Row selection related circuit 16 includes an X decoder decoding the row
address signal X, a word line driver for driving a selected word line WL
to the selected state in accordance with an output signal from the X
decoder, a sense amplifier for sensing, amplifying and latching data of
memory cell MC connected to the selected word line WL, and a circuit for
controlling activation/inactivation of the sense amplifier.
Column selection related circuit 18 includes an IO gate provided
corresponding to each bit line pair BLP, and an Y decoder decoding the
column address signal Y for selecting an IO gate.
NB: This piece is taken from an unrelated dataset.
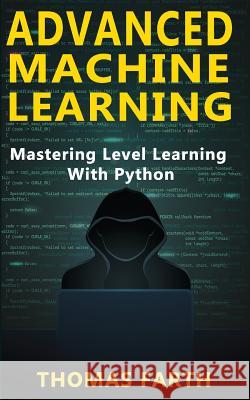 Advanced Machine Learning: Mastering Level Learning with Python Thomas Farth 9781790120529 Independently Published - książka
Read/write circuit 22 includes a plurality of registers for each of data
writing and data reading and performs writing/reading of data in
synchronization with internal clock signal intCLK in response to a
write/read designating signal applied from internal control signal
generating circuit 10.
As described above, internal operation timings are all determined by the
internal clock signal intCLK. When the internal clock signal intCLK is
fixed at the L level by clock enable signal intCKE, external signal
(external write data, address signal bit and external control signal) is
not taken in, and internal control signal generating circuit 10 is kept at
the state of the previous clock cycle. There is no change in states of
internal signals, and hence signal lines are not charged/discharged, so
that current consumption can be reduced.
FIGS. 16A and 16B are charts illustrating the function of the external
clock enable signal extCKE. Referring to FIG. 16A, in clock cycle 0, when
external clock enable signal extCKE is at the H level, internal clock
signal intCLK is generated in synchronization with external clock signal
extCLK in the next clock cycle 1. The state of internal clock signal
intCLK in clock cycle 0 is determined by the state of signal extCKE in the
previous clock cycle.
In clock cycle 1, when the external clock enable signal extCKE is set to
the L level at the rising edge of external clock signal extCLK, then
internal clock intCLK is fixed at the L level in the next clock cycle 2.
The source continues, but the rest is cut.